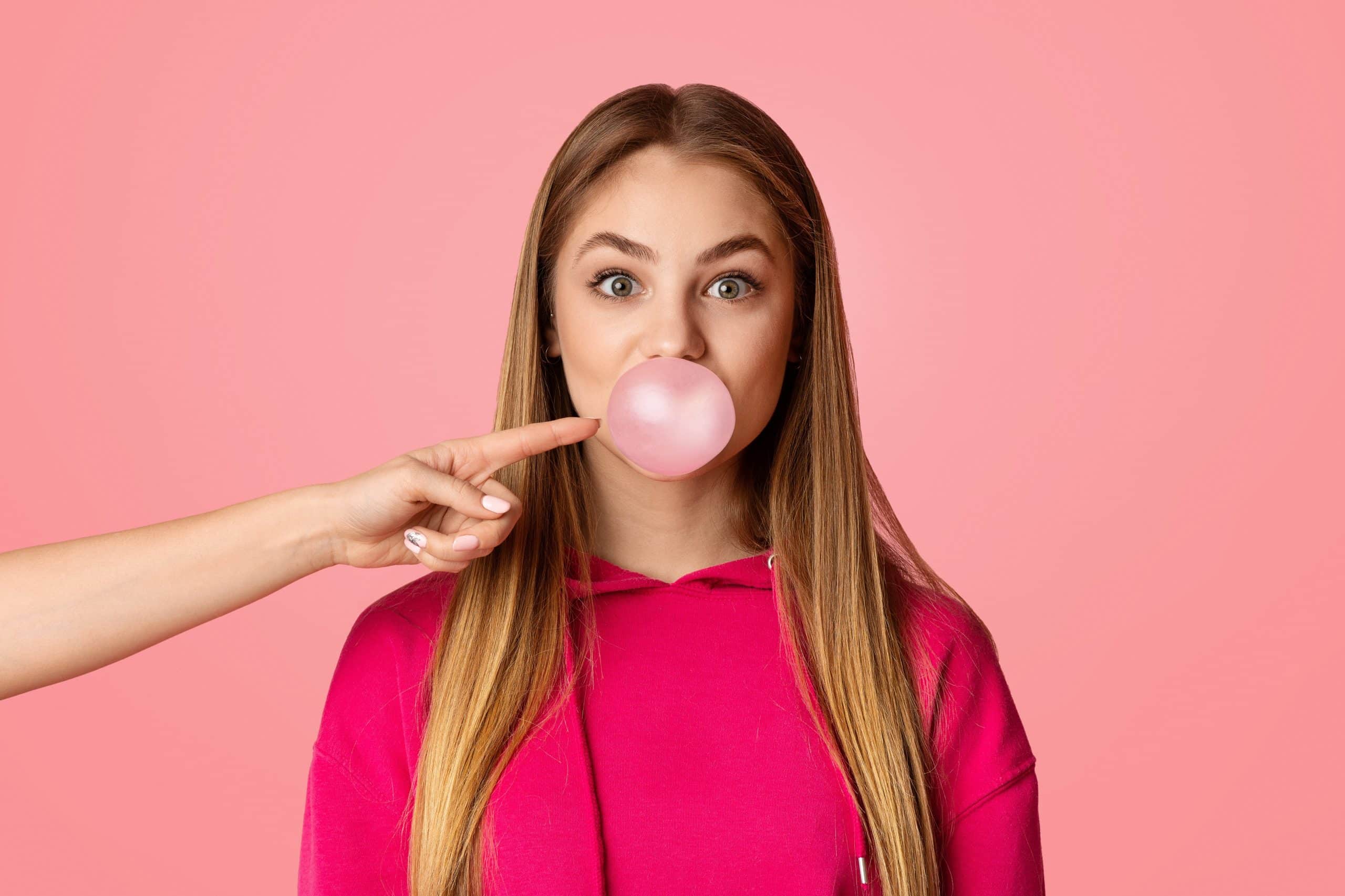 teenager chewing gum blowing a bubble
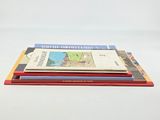 three books stacked on top of each other on a white surface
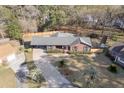 Aerial view of a brick home with mature trees, a driveway, and fenced yard at 313 Runnymede Ln, Summerville, SC 29485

------

## Exercise details
Could you reproduce exactly the lines running from the one with "three books stacked" through the final line of the listing above, both included, and drop the pictures?

## Answer to this exercise
 three books stacked on top of each other on a white surface
 Aerial view of a brick home with mature trees, a driveway, and fenced yard at 313 Runnymede Ln, Summerville, SC 29485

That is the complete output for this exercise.